Intelliject receives FDA Approval for Auvi-Q
Intelliject, Inc. has received approval from the U.S. Food and Drug Administration (FDA) for Auvi-Q™ (epinephrine injection, USP) for the emergency treatment of life-threatening allergic reactions in people who are at risk or have a history of anaphylaxis. This is the first-and-only compact auto-injector with audio and visual cues that guide patients and caregivers step-by-step through the injection process.
“The FDA approval of Auvi-Q is an important milestone for the company and is a result of our steadfast commitment to developing patient-centric products,” said Spencer Williamson, President and Chief Executive Officer, Intelliject, Inc. “We are building on this approval and have a pipeline of drug/device combination products for select therapy areas.”
“In developing Auvi-Q, our goal is to offer patients and caregivers an innovative treatment option that is easy to use in an emergency,” said Eric Edwards, Chief Science Officer, Intelliject, Inc. “As allergy sufferers, my twin brother and I know first-hand how stressful it can be when you experience a severe allergic reaction.
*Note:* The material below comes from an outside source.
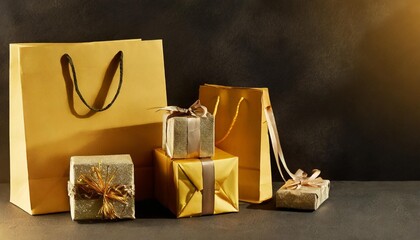 Wall Mural - gift bags and boxes wrapped in yellow paper on black background with copyspace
Auvi-Q’s small size and intuitive design, as well as its first-in-class prompt system that talks a user through the injection process, will help patients and caregivers manage a life-threatening allergic reaction.”
Auvi-Q provides users with audible and visual cues for correct use – including a five-second injection countdown and an alert light to signal when the injection is complete. In addition to being an auto-injector, it features an automatic retractable needle mechanism to help prevent accidental needle sticks.
Intelliject, Inc. was responsible for the development and regulatory submission of Auvi-Q in the U.S. Sanofi US is responsible for manufacturing and commercial activities in North America (U.S. and Canada).